Advanced Cell’s technologies could provide therapies for a broad range of diseases, including myoblasts for treating heart failure; hemangioblasts for treating blood disorders, cardiovascular disease, and cancer; retinal pigment epithelial cells for treating macular degeneration and other retinal degenerative disorders; skin cells for dermatological conditions; neuronal cells for spinal cord injury; and liver cells for hepatitis and cirrhosis. Most of the body’s specialized cells cannot be replaced by natural processes if they are seriously damaged or diseased. Stem cells can be used to generate healthy and functioning specialized cells, which can then replace diseased or dysfunctional cells. Replacing diseased cells with healthy cells, called cell therapy, is similar to the process of organ transplantation. Some conditions or injuries can be treated through the transplantation of entire healthy organs, but there is an acute shortage of donors. Stem cells can serve as an alternate and renewable source for specialized cells. Currently, researchers are investigating the use of adult, fetal and embryonic stem cells as a resource for various specialized cell types such as nerve cells, muscle cells, blood cells and skin cells.

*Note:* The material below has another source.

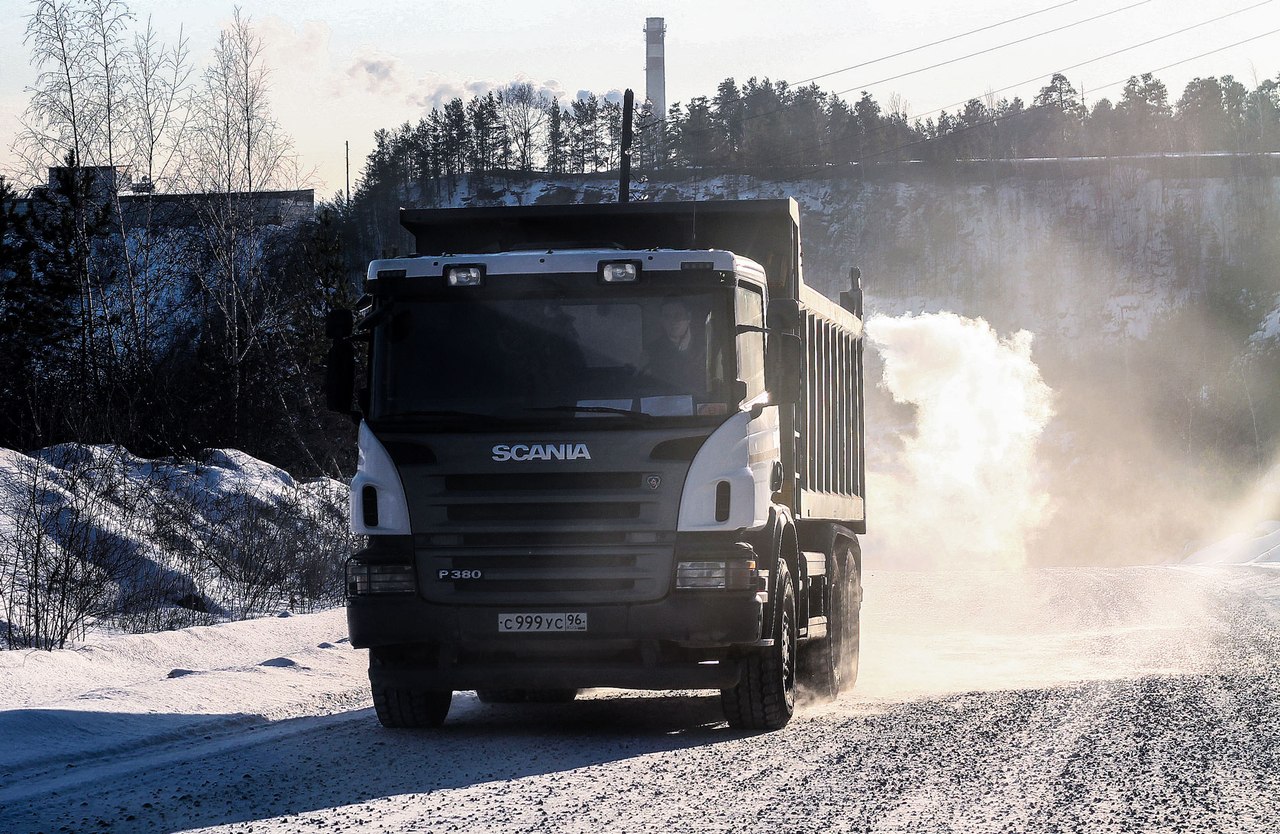 Автомобиль нормочас стоимость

Adult stem cells do not require the manipulation or destruction of an embryo thus they lack the controversy surrounding embryonic stem cell research, but the cells are limited in their ability to differentiate into different cell types. Embryonic stem cells, while limited in use because of the current political and ethical debate, can develop into one of over 200 cell types in the body when given the necessary stimulation (i.e., they are totipotent). ACT is using a combination of embryonic and adult stem cell technologies to develop novel therapies for indications with few or no alternatives.
The ability to produce embryonic stem cells that are immunologically compatible with the patient is one of the strengths of ACTC's embryonic stem cell technology platform. The Company believes its technology platform will enable the transformation of a patient’s cells into an embryonic state where those cells can be differentiated into specific therapeutically relevant cell types that are genetically identical to the patient. ACTC believes its technology may also enable the production of stem cell lines, from sources external to the patient, that have a sufficiently high level of histocompatibility to be useful in making cell therapies readily accessible to a large segment of the patient population, without the need for exact genetic matching of tissues. In August 2001, The President of the United States set guidelines for federal funding of research on embryonic stem cells from human embryos created by in-vitro fertilization (IVF). IVF-ES cells have the drawback that they are not genetically matched to the recipient patient. These ES cells are allogeneic. The word allogeneic literally means “other DNA type.” Therapies using allogeneic cell lines can result in immune system incompatibilities where the host immune system attacks and rejects the transplanted cells or the transplanted cells attack the host. These incompatibilities may be partially suppressed with powerful immunosuppressive drugs, but the side effects can be severe and result in life-threatening complications. As a result, these incompatibilities will generate significant inefficiencies in the application of cell therapies.
ACT is also strongly focused on solving the problem of immune rejection and graft-versus-host disease by creating stem-cell therapeutics using donor tissues that are compatible, or that the immunologically active antigens on the donor cells are the same as those of the recipient so that they will not activate an immune response leading to rejection. This ability to produce tissue cells for transplantation that have the same genetic make-up as the patient may constitute a competitive advantage for Advanced Cell Technology.